Records from a data source:
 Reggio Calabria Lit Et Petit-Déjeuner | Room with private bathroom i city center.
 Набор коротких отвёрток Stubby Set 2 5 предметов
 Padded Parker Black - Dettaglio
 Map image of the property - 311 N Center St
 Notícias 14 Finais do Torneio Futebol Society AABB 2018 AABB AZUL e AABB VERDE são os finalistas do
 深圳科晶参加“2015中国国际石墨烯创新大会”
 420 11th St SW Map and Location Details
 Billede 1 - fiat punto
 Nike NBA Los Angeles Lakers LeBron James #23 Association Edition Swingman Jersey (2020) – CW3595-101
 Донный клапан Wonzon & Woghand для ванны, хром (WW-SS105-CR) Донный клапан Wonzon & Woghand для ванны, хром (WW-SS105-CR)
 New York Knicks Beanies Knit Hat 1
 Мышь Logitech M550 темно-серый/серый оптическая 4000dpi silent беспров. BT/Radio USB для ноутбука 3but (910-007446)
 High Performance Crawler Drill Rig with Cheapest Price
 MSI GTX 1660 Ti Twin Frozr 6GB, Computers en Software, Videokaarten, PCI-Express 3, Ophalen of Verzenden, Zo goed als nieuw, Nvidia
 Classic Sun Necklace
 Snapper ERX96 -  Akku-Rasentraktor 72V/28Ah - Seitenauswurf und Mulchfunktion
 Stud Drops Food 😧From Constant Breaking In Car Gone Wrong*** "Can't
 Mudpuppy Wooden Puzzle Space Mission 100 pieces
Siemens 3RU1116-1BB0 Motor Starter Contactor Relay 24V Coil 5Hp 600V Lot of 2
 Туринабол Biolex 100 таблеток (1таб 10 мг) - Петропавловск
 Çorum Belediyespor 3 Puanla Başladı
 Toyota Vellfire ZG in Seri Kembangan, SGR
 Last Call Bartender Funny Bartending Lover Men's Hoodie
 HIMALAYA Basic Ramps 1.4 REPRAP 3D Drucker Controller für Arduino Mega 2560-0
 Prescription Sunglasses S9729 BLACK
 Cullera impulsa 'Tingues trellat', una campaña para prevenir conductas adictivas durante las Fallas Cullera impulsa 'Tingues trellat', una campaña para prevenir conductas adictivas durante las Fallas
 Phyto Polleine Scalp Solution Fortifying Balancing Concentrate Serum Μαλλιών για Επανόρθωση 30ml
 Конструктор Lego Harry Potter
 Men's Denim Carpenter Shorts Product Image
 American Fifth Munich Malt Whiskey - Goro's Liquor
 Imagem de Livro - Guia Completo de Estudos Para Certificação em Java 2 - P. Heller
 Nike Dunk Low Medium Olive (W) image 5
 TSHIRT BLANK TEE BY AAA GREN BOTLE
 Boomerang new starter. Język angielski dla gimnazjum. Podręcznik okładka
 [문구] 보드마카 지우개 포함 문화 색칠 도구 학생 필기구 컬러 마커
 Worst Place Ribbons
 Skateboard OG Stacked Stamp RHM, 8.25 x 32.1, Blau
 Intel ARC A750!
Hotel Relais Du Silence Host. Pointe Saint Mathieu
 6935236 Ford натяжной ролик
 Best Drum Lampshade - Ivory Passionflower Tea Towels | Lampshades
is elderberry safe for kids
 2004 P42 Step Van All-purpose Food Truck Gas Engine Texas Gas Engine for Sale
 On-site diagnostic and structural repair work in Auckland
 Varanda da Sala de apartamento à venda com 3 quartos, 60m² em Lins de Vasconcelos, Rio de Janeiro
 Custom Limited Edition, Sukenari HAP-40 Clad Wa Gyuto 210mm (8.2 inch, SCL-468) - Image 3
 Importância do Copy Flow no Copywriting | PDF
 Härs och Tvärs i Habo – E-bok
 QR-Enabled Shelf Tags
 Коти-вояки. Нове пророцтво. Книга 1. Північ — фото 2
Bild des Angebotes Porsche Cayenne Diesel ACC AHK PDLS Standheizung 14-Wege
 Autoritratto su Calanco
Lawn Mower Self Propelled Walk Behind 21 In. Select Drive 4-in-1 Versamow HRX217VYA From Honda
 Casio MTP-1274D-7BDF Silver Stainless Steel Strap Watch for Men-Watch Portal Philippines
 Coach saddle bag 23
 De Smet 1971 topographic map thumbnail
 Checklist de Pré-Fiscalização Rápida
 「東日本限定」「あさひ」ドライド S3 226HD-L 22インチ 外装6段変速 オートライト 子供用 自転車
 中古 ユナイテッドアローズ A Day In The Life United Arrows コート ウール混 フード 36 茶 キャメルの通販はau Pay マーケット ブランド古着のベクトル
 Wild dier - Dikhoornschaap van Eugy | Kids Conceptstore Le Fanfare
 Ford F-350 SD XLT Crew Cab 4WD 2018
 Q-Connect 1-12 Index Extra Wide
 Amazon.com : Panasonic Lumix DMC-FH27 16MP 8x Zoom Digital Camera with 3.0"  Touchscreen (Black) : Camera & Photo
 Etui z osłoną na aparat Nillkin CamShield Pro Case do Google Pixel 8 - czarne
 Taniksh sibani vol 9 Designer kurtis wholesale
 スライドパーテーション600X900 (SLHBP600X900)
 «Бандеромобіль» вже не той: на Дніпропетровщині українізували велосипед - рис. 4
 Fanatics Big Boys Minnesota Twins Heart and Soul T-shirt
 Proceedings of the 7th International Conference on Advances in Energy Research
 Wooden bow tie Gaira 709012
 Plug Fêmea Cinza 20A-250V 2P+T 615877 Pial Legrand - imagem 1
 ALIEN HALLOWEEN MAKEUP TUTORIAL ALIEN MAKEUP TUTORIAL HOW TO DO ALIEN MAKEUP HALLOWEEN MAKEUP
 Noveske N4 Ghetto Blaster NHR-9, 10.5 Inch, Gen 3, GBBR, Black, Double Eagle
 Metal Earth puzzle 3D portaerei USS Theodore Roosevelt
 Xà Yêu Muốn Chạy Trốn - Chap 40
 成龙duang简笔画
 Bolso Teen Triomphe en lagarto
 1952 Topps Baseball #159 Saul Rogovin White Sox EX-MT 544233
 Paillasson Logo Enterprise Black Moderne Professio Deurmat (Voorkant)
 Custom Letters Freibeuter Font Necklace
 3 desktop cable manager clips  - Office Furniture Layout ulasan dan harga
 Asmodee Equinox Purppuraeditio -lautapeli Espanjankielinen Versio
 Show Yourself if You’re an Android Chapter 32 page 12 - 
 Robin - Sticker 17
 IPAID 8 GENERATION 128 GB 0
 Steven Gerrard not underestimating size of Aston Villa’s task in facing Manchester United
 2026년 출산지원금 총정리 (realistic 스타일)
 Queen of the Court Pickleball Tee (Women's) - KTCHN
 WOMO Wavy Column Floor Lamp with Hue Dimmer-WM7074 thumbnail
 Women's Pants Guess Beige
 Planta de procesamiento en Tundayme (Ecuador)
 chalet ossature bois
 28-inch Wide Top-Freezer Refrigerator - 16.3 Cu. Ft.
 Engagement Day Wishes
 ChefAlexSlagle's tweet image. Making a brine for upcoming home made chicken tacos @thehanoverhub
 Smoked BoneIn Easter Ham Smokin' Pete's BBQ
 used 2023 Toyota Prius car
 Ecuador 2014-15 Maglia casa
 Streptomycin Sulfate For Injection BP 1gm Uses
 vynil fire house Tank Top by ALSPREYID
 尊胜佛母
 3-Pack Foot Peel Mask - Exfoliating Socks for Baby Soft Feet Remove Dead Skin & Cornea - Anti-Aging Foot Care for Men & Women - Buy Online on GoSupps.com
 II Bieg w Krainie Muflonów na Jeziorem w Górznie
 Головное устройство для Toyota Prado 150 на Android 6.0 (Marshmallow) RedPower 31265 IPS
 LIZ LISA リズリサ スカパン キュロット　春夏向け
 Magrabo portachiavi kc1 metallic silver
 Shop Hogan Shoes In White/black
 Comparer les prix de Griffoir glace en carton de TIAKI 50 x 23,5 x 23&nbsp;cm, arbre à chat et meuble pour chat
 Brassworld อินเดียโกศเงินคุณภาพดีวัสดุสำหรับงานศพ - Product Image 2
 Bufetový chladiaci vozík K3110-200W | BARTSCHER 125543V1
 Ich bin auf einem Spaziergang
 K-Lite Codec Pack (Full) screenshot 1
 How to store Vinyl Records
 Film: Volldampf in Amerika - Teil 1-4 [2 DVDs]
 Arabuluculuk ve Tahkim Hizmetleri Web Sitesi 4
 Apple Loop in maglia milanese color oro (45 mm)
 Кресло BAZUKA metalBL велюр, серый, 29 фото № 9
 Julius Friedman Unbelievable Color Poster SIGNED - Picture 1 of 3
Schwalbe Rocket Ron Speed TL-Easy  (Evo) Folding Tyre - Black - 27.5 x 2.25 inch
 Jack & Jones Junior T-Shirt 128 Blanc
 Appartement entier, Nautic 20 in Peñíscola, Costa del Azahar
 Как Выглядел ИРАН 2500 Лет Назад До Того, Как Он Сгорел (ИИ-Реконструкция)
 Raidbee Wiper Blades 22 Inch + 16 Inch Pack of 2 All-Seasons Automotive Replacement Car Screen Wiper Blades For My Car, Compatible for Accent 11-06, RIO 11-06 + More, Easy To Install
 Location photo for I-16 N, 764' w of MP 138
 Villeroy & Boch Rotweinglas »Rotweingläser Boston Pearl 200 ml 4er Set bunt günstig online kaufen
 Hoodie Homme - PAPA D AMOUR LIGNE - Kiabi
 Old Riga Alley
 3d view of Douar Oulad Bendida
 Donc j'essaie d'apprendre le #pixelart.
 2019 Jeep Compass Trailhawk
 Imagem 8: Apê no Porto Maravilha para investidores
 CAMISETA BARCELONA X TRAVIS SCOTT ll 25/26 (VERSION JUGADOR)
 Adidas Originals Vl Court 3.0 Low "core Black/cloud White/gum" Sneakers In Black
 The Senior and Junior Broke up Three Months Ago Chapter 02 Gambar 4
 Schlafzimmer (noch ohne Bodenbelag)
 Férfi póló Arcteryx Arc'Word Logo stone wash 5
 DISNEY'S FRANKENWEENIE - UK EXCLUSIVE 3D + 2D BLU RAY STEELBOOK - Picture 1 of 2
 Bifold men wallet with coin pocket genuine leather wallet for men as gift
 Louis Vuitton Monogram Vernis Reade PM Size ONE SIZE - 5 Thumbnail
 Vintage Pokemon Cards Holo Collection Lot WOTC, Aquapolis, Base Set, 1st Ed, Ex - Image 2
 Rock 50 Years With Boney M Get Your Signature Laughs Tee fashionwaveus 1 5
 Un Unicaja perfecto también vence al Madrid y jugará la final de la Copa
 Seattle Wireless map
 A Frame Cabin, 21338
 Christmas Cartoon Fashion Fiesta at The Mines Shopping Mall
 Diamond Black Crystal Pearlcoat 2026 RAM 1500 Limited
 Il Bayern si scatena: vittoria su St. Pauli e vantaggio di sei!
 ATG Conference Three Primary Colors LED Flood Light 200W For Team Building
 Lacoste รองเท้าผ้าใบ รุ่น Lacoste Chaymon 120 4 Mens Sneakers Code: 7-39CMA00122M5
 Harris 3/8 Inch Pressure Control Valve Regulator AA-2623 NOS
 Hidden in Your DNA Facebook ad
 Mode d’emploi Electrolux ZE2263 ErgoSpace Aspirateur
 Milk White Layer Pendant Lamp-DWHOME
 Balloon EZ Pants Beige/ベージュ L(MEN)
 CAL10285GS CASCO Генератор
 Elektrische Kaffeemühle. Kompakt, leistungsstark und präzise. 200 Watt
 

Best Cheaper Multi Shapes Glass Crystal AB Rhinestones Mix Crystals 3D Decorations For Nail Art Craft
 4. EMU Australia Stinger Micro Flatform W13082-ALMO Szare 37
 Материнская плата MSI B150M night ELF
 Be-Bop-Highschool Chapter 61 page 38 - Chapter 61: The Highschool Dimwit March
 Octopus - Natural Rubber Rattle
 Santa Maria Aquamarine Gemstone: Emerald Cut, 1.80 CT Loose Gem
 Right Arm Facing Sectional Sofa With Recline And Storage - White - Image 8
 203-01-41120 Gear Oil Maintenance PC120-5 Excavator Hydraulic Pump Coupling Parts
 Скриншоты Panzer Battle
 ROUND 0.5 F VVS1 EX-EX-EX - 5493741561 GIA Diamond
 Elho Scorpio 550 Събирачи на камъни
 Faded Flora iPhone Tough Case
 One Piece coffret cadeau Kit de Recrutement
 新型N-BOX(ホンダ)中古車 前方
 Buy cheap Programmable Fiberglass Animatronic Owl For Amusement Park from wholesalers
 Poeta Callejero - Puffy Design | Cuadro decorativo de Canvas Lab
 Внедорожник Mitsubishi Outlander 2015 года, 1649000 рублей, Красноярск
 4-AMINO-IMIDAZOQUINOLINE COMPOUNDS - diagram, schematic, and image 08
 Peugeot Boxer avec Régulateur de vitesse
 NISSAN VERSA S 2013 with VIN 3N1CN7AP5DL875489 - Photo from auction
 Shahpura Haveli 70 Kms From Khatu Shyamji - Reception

__TO DO__
Beginning at the line with "Hoodie Homme - PAPA D AMOUR LIGNE - Kiabi" and ending at the line with "Il Bayern si", reproduce each line of the data above exactly, and add no other lines.

__RESULT OF THE EXERCISE__
 Hoodie Homme - PAPA D AMOUR LIGNE - Kiabi
 Old Riga Alley
 3d view of Douar Oulad Bendida
 Donc j'essaie d'apprendre le #pixelart.
 2019 Jeep Compass Trailhawk
 Imagem 8: Apê no Porto Maravilha para investidores
 CAMISETA BARCELONA X TRAVIS SCOTT ll 25/26 (VERSION JUGADOR)
 Adidas Originals Vl Court 3.0 Low "core Black/cloud White/gum" Sneakers In Black
 The Senior and Junior Broke up Three Months Ago Chapter 02 Gambar 4
 Schlafzimmer (noch ohne Bodenbelag)
 Férfi póló Arcteryx Arc'Word Logo stone wash 5
 DISNEY'S FRANKENWEENIE - UK EXCLUSIVE 3D + 2D BLU RAY STEELBOOK - Picture 1 of 2
 Bifold men wallet with coin pocket genuine leather wallet for men as gift
 Louis Vuitton Monogram Vernis Reade PM Size ONE SIZE - 5 Thumbnail
 Vintage Pokemon Cards Holo Collection Lot WOTC, Aquapolis, Base Set, 1st Ed, Ex - Image 2
 Rock 50 Years With Boney M Get Your Signature Laughs Tee fashionwaveus 1 5
 Un Unicaja perfecto también vence al Madrid y jugará la final de la Copa
 Seattle Wireless map
 A Frame Cabin, 21338
 Christmas Cartoon Fashion Fiesta at The Mines Shopping Mall
 Diamond Black Crystal Pearlcoat 2026 RAM 1500 Limited
 Il Bayern si scatena: vittoria su St. Pauli e vantaggio di sei!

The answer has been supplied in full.